Gulf State Disgrace

When I saw that AP story with the accompanying, four-column wire photo of the United Arab Emirates’ planned $6.8 billion development–the one with a .75-mile ski slope and the world’s tallest residential tower–I had an immediate response. One, however, that had nothing to do with the mega-scale, Meydan One project in Dubai.

It was simply this. The world is aghast and appalled and aggrieved at the refugee crisis playing out from the Mediterranean to Europe. More than 11 million people have been displaced by the Syrian civil war alone. It’s a metastasizing migrant crisis that is reminiscent of worst-case World War II scenarios.

And the UAR and fellow sheikdoms are less helpful than Hungary.

Refugees have been pouring out of Syria through Turkey and Greece on the terrifying trek to Western Europe–especially Germany and Austria–and Sweden and a better life. Europe’s Eastern Bloc, notably wary of accepting racial and religious diversity, is being heavily criticized for being less than welcoming to the migrating Muslim masses. The U.S. plans to allow 10,000 Syrians in 2016.
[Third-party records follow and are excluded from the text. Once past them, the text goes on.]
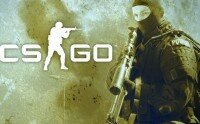 Counter-Strike: Global Offensive Beta Patch Notes Fixes Movement Exploit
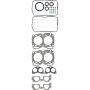 Victor Reinz 01-53905-01 Engine Gasket Set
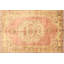 One-of-a-Kind 5'10" X 8'5" Area Rug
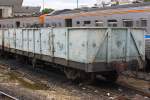 บ.ข.ส.186 (บ.ข.ส. =BHS/Bogie High ...  Karl Seltenhammer 21.08.2011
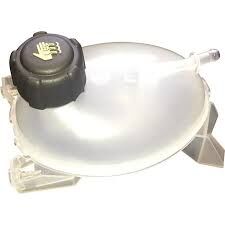 GENLEŞME YEDEK SU DEPOSU RENAULT SYMBOL III 14> EXPRESS 21> SANDERO II 13> LOGAN II 13> DUSTER 18> CLIO IV 12> CAPTUR II 20> 1.0TCe 1.2 1.2TCe 1.3TCe 1.5dCi 1.6E-TECH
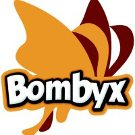 Bombyx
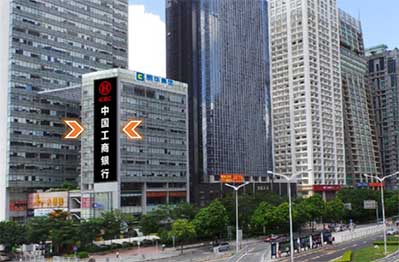 車公廟喜年中心屏 車公廟喜年中心屏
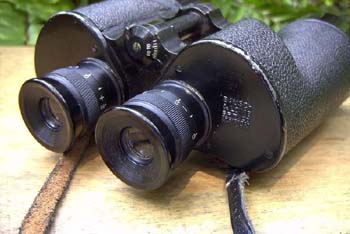 i-2_B_L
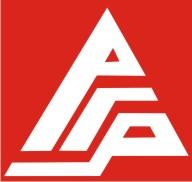 Добровольная брокерская аттестация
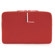 Tucano Colore Neoprene Sleeve for 7" Tablet PC, Red: Picture 3 thumbnail
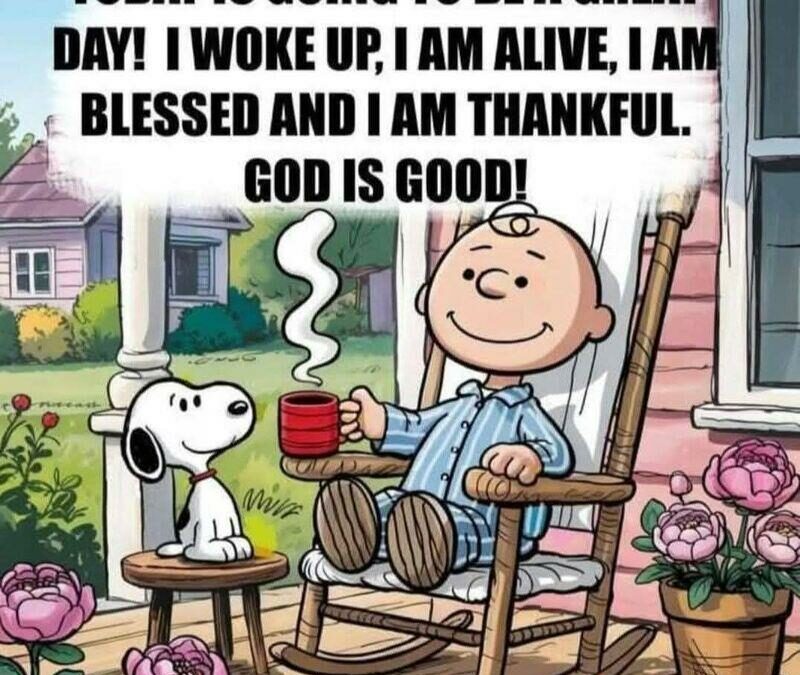 SUNDAY 101225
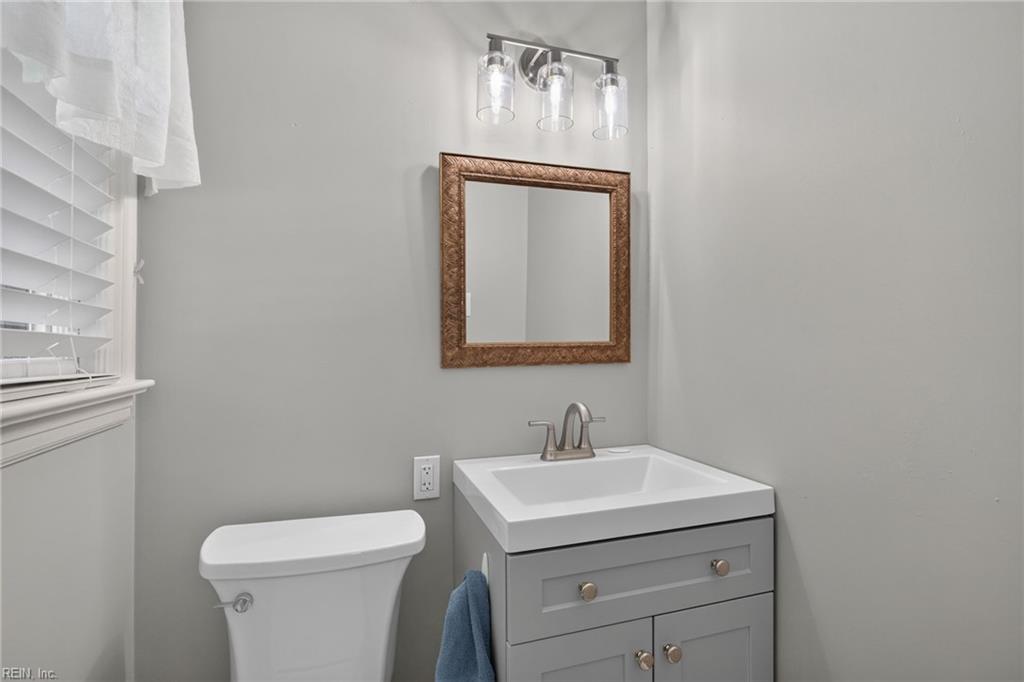 3521 Doerr Rd Property Photo 22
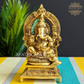 Lord Ganesha for Daily Pooja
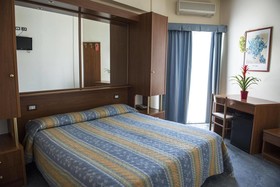 Hotel Gabbiano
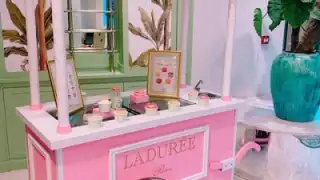 Laduree – photo 2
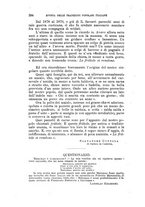 giornale/RML0071606/1893-1894/unico/00000252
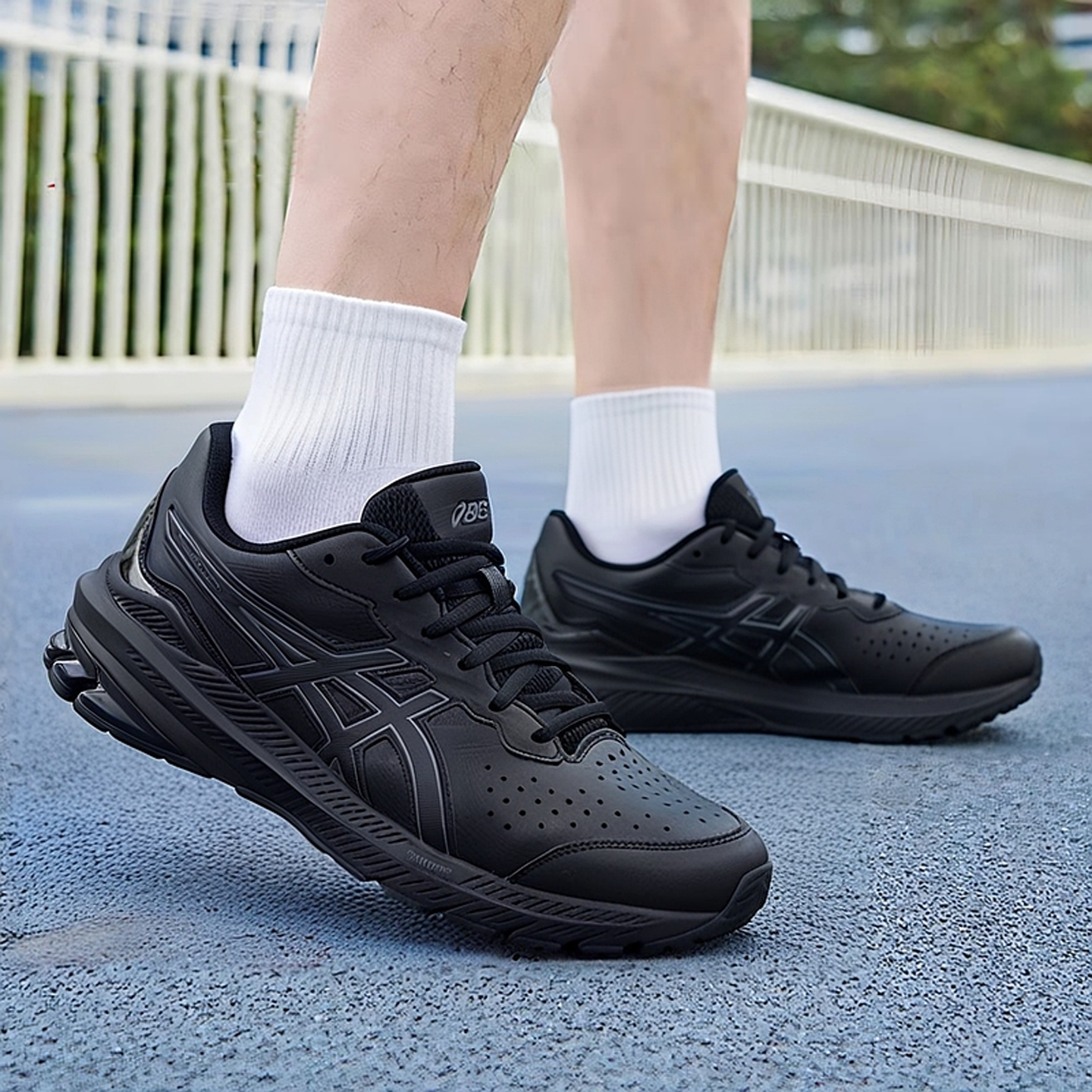 商城同款 正品保证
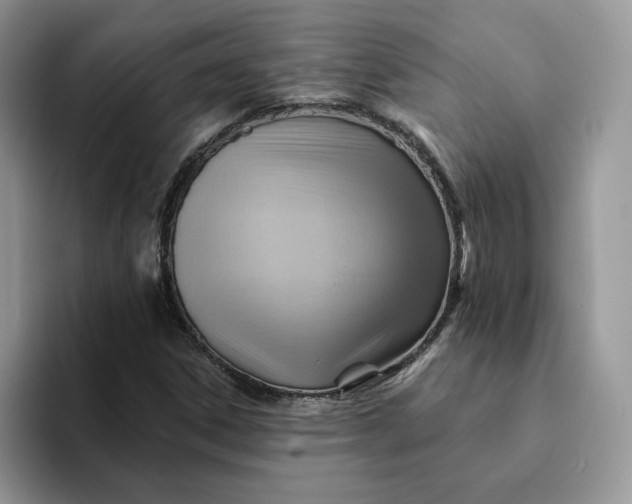 X0000093221306200710171352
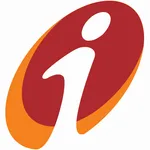 eToll by ICICI Bank icon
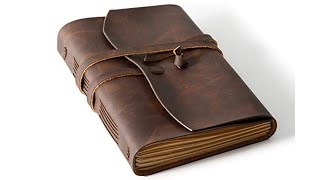 My Online Journal 9-9-22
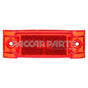 21051R LightMdl 21 Led MC Assy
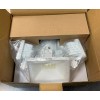 Olafus 50W Flood Light Outdoor 5000LM LED 3-Way Light IP65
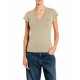 тениска,мъжки,тениски,дамски,тениски,replay,w08nx.000.00qmj,t,shirt,red,(brown,rice)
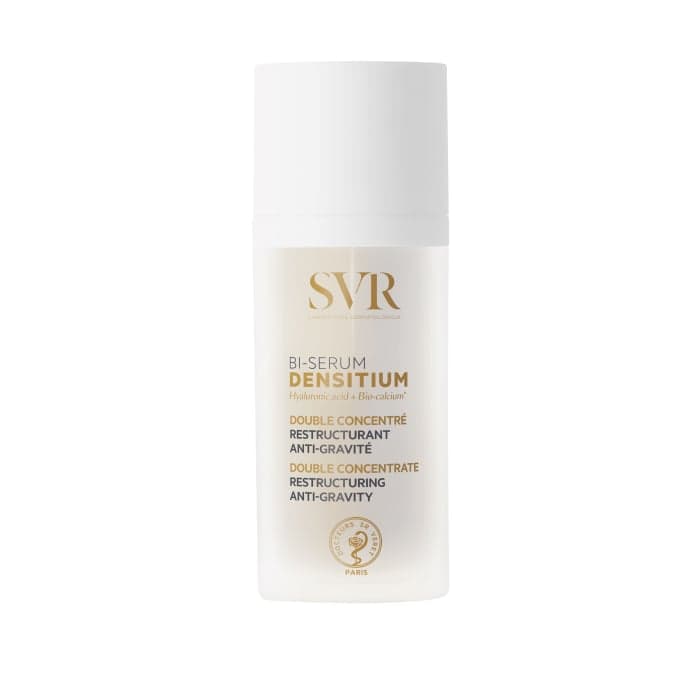 SVR Serumas Brandžiai Odai DENSITIUM BI-SERUM, 30 ml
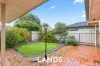 107 Henderson Avenue, Pooraka, SA 5095-Image
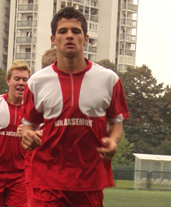 Elvedin Aletić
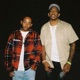 Marvelous feat Jayo Cortez Single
But for the obscenely rich, geographically proximate Persian Gulf States, the UAR as well as Saudi Arabia, Kuwait, Qatar and Bahrain, the welcome mat has been missing in action. They bring in temporary workers, not migrants, is their rationale. Besides, they give amply to charities, they’re quick to point out. What they don’t mention is that such charitable giving is offset by subsidies–aka bribes–to various, refugee-creating, Middle East insurgents.

Here’s hoping, frankly, that the world can somehow shame the Gulf States into doing the right thing for their own cultural and linguistic brethren. We’ll know it when we see chartered planes full of displaced Syrian families–not tourists and construction workers–landing in Dubai.